Three months of agentic coding - my experience

Last month I wrote my experience with AI-generated coding on this blog(two months as a vibe coder). I got a lot of positive feedback, so I created another chart for my work up till this months and wrote down the thoughts I had this month.

Overall first impression is that my amount of PRs went up once again, while my amount of merged PRs went down. The reason the amount of PRs went up is at the bottom of this article (automating solving problems), while the reason the amount of closed PRs went down is at the top (many PRs do stack up frustrations…)!

Free is not free

In the first two months I created PRs all over our codebase. This was great initially - people loved the new features I introduced, and problems I unblocked. However, slowly maintenance requests started coming in. This can be supporting another robotics platform in a dashboard, a small bug filtering wrong data, or a test not covering all test cases. Slowly but surely my days and work became dominated by features I was not planning to work on / didn’t consider when I made my initial changes.

Time will tell what the correct solution is. Should you redirect people who make a feature request to their own Cursor/Claude instances? Does an engineer collect features till the time they take to maintain features is equal to their workweek? Or should one team be responsible for maintaining a feature, but also be forced to review and consider any idea for which a pull request is made? The answer is probably “a mix of all three”.

With the concept of AI-generated code being so new I am still eager to personally own the code and features I introduce, but I’m lately less eager as I feel I filled the amount of features I can currently maintain.

Auto research is interesting

I have seen some hype around Karpathy’s auto-research. Basically you ask an AI to keep optimising a problem over and over and later investigate what solutions it found. Last month I set up multiple of these loops - both to speed up some processes, as well as to optimize my neural networks.

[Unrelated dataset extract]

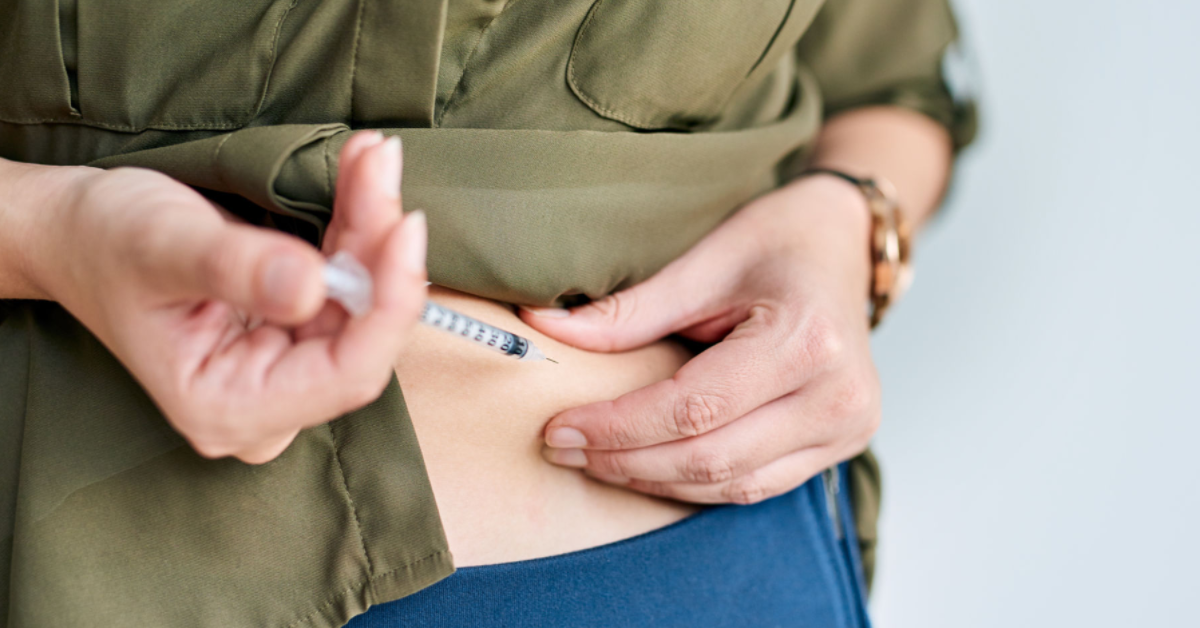 Diabetes tipo 2 precisa tomar insulina? O artigo aborda se pessoas com diabetes tipo 2 precisam tomar insulina. Ele explora em que situações a insulina pode ser necessária, oferece alternativas e descreve os diferentes tipos de insulina. O foco é proporcionar uma compreensão aprofundada para ajudar na tomada de decisão sobre o tratamento de diabetes tipo 2.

First of all: I did indeed find multiple code improvements! I merged multiple pull requests significantly speeding up development for everyone working with neural networks. However, I still have two problems with this approach. I am now less connected to the actual problems and code, and most of the attempted solutions were not super interesting.

While autoresearch did find ways to massively speed up my development I don’t have a good overview of where all of our time is going, and don’t have a good architecture in mind for the “optimal” solution. Autoresearch found a few bugs and features which massively reduced time, but did not give me a bigger idea of how we should set up our code to eliminate the issues in the first place. It does feel like I’m spending all my brain power finding a local minimum rather than rethinking how to get to a global minimum.

Besides that, I noticed that autoresearch mostly hangs on to existing hyperparameters and features. It’s eager to try changing the batch size or learning rate when training a neural network, but didn’t attempt to pre-train layers or do research on what the best state of the art encoders are. I’m still happy that it did the comparisons without me having to actively consider them, but I also notice that I did not spend enough time thinking for myself what the best high-level solution should be as I already saw autoresearch happily plodding along.

Last but not least: in my case autoresearch auto found some “exploits”. If you specify an objective but don’t specify what you can and can’t do the AI will naturally find ways which minimise a score, without actually achieving the objective. This is something we are used to with evolutionary algorithms, but I hoped that the ‘thinking’ aspect of LLMs would be more fair to how to achieve the objective.

Self made apps are better

This month I also got myself a Claude 20$ license (and immediately felt restricted with the amount of tokens I had…). I wrote and rewrote some things I made in the past, and really enjoyed the process! The best part of the process was the full control of any app functionality.

In the past if I did not like an app or feature I had to either reach out to the developer (and wait months to get it implemented, if even…), or dive into the source code myself (where even figuring out how to run/compile/host something was enough pain to deter me from it). By making an app from scratch you have full control over the functionality, even if the app might already exist somewhere else.

I think the future will be more apps with dynamic features, where users can request in natural language what a button should do. The app Bitrig is a fun thing to play with which feels like the future, but the default included model and permissions are so bad that it’s also immediately disappointing.

This doesn’t just go for apps, but also for frameworks. Where my previous blog used Wordpress this blog is completely created with help of Claude, and actually runs a lot faster than the previous blog! This month I heard multiple of my friends building interesting new tools for their own usage!

Big impact with a big bazooka

The reason my PR count is so large this month is that I tried auto-generating PRs for some types of issues. I managed to solve multiple problems which the authors/reviewers of the PR were not aware of. Overall it had a big impact. However, there were also some false positives (of which I closed the PRs as soon as I realised they were). That means there was some collateral damage. Overall in this case the positive outweighed the negative impact, but now that every software engineer (and others) has this power we will see what the impact is down the line!